The WA Supremes reasoned the test for an emergency aid exception (also called Exigent Circumstances) entry has been expanded to include the following elements: (1) The police officer subjectively believed that someone likely needed assistance for health or safety concerns; (2) a reasonable person in the same situation would similarly believe that there was need for assistance; (3) there was a reasonable basis to associate the need for assistance with the place being searched; (4) there is an imminent threat of substantial injury to persons or property; (5) state agents must believe a specific person or persons or property are in need of immediate help for health or safety reasons; and (6) the claimed emergency is not a mere pretext for an evidentiary search.

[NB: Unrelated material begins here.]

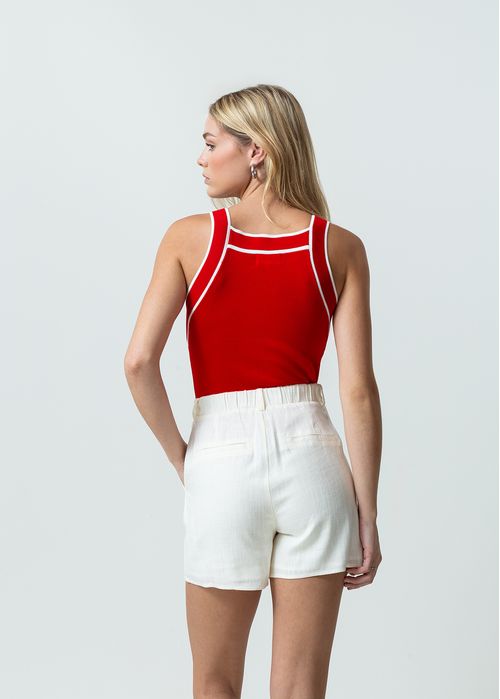 Camiseta tejida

They further reasoned that here, the mere acquiescence to an officer’s entry is not consent to search. It is also not an exception to our state’s constitutional protection of the privacy of the home. Finally, while the likelihood of domestic violence may be considered by courts when evaluating whether the requirements of the emergency aid exception to the warrant requirement have been satisfied, the warrantless entry in this case was unnecessary. Officers merely heard raised voices from outside the home. The agitated and flustered woman who answered the door indicated that no one else was present in the home. No emergency existed.
My opinion? Good decision. Granting a police officer’s request to enter the home is not, by itself, consent to search the home. Period.